-------- EXCERPTED DATA --------

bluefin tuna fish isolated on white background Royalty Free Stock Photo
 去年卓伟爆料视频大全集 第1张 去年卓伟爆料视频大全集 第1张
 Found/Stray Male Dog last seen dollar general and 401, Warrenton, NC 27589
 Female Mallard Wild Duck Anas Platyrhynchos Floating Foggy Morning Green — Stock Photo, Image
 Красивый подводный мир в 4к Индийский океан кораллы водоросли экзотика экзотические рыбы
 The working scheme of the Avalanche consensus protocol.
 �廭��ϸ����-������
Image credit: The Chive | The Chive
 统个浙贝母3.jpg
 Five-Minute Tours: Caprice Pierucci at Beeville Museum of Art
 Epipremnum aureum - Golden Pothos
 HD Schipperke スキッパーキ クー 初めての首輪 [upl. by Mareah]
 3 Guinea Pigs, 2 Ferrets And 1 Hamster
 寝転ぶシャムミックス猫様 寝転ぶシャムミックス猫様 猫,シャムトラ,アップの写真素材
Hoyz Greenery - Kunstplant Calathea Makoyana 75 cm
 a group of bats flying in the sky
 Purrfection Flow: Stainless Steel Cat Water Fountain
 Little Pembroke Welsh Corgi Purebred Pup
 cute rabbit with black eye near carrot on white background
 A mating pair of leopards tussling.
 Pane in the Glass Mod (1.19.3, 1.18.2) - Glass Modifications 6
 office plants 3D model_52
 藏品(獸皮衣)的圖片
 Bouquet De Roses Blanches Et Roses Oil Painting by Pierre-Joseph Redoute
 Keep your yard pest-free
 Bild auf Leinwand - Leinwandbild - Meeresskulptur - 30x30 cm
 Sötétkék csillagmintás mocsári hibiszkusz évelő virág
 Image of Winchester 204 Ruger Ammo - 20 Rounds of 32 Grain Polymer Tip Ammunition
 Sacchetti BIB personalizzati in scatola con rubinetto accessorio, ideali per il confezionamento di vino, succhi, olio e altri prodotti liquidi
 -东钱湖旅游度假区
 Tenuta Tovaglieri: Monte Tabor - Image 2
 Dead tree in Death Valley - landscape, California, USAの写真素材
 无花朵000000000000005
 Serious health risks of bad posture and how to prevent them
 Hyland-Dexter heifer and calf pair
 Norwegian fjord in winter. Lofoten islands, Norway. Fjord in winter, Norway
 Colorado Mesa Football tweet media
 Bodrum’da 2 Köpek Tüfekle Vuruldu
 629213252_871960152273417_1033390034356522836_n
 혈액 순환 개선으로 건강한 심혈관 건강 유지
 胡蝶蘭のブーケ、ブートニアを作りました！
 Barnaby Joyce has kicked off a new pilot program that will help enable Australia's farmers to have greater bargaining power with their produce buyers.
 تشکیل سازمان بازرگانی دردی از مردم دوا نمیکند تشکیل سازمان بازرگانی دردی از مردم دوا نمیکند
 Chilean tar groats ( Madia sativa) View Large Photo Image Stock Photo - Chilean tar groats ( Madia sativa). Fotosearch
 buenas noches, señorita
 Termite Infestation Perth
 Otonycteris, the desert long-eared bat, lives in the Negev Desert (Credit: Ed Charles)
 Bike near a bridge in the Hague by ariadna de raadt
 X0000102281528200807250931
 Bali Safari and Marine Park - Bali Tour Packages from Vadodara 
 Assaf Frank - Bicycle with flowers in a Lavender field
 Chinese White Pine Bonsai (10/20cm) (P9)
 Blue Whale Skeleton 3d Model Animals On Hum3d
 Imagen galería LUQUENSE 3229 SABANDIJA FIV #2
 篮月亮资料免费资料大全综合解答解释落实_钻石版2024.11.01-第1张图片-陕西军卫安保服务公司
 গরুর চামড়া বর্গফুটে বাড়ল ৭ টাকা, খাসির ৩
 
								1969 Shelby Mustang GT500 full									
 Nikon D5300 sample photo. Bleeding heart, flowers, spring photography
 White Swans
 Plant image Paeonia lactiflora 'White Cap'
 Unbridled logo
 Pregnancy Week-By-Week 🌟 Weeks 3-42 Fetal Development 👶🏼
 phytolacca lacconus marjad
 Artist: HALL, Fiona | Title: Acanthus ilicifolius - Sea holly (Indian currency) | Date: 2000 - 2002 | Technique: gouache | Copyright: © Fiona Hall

--------

WORK INSTRUCTION:
Locate all lines in the listing above with the word "pair". Copy them.

WRITTEN RESPONSE:
 A mating pair of leopards tussling.
 Hyland-Dexter heifer and calf pair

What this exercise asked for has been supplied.